2. High Opt-out Rate
alert: HighOptOutRate
expr: rate(dnp_user_opt_outs_total[1h]) > 0.1
for: 10m
labels:
severity: warning
annotations:
summary: "High user opt-out rate"
description: "Opt-out rate is {{ $value }} users/hour"
SLO Definitions
Service Level Objectives
1. Notification Delivery SLO
- Target: 99.5% success rate
- Measurement: Successful notifications / Total notifications
- Time Window: 30 days
- Error Budget: 0.5%
2. Performance SLO
- Target: 95% of fetches complete within 3 seconds
- Measurement: Fetch duration percentiles
- Time Window: 7 days
- Error Budget: 5%
3. Availability SLO
- Target: 99.9% uptime
- Measurement: Plugin health endpoint availability
- Time Window: 30 days
- Error Budget: 0.1%
Log Analysis
Structured Log Patterns
1. Error Analysis
# Find all errors in the last hour
grep "DNP-.*-FAILURE" /var/log/timesafari/daily-notification.log | \
jq -r '.timestamp, .eventCode, .message' | \
head -20
2. Performance Analysis
# Find slow operations
grep "DNP-FETCH-START\|DNP-FETCH-SUCCESS" /var/log/timesafari/daily-notification.log | \
jq -r 'select(.duration > 5000) | .timestamp, .duration, .message'
3. User Behavior Analysis
# Analyze user interactions
grep "DNP-USER-\|DNP-PERMISSION-" /var/log/timesafari/daily-notification.log | \
jq -r '.timestamp, .eventCode, .data.userId' | \
sort | uniq -c
Monitoring Best Practices
1. Log Retention
- Structured Logs: Retain for 30 days
- Error Logs: Retain for 90 days
- Performance Logs: Retain for 7 days
- User Interaction Logs: Retain for 1 year (with privacy compliance)
2. Metric Collection
- High-frequency metrics: Collect every 30 seconds
- Medium-frequency metrics: Collect every 5 minutes
- Low-frequency metrics: Collect every 1 hour
- User metrics: Collect on-demand
3. Alert Tuning
- Start with conservative thresholds
- Adjust based on historical data
- Use different severity levels
- Implement alert fatigue prevention
4. Dashboard Design
- Keep dashboards focused and actionable
- Use consistent color schemes
- Include context and annotations
- Regular review and updates
Integration Examples
Grafana Dashboard JSON
{
"dashboard": {
"title": "TimeSafari Daily Notification Plugin",
"panels": [
{
"title": "Notification Success Rate",
"type": "stat",
"targets": [
{
"expr": "(sum(rate(dnp_notifications_success_total[24h])) / sum(rate(dnp_notifications_total[24h]))) * 100"
}
]
}
]
}
}
Prometheus Recording Rules
groups:
- name: timesafari_daily_notification
rules:
- record: dnp:notification_success_rate
expr: (sum(rate(dnp_notifications_success_total[5m])) / sum(rate(dnp_notifications_total[5m]))) * 100
- record: dnp:fetch_duration_avg
expr: avg_over_time(dnp_fetch_duration_seconds[5m])

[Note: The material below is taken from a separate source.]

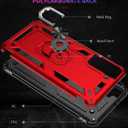 Androgate for Samsung Galaxy S21 5G Case with HD Screen Protectors, Military-Grade Metal Ring Holder Kickstand 15ft Drop Tested Shockproof Cover Case for Galaxy S21 Red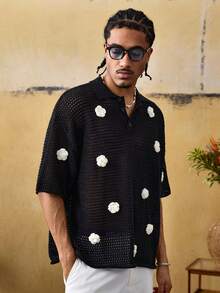 ROMWE MEN Street Life Men's 3D Floral Hollow-Out Knit Sweater - Black - View 7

- record: dnp:user_opt_out_rate
expr: (sum(rate(dnp_user_opt_outs_total[1h])) / sum(rate(dnp_user_interactions_total[1h]))) * 100
Troubleshooting Guide
Common Issues and Queries
1. High Error Rate
# Check recent errors
curl -s "http://localhost:9090/api/v1/query?query=rate(dnp_errors_total[5m])" | jq
2. Performance Issues
# Check fetch performance
curl -s "http://localhost:9090/api/v1/query?query=avg_over_time(dnp_fetch_duration_seconds[10m])" | jq
3. User Engagement Issues
# Check user metrics
curl -s "http://localhost:9090/api/v1/query?query=rate(dnp_user_opt_outs_total[1h])" | jq
Privacy and Compliance
Data Retention
- User interaction logs: 1 year maximum
- Performance metrics: 90 days maximum
- Error logs: 30 days maximum
- Personal data: Redacted or anonymized
GDPR Compliance
- User consent: Tracked and logged
- Data portability: Export capabilities
- Right to deletion: Automated cleanup
- Privacy by design: Built into observability system
Note: These dashboards and queries should be customized based on your specific monitoring infrastructure and requirements. Regular review and updates are recommended to ensure they remain relevant and actionable.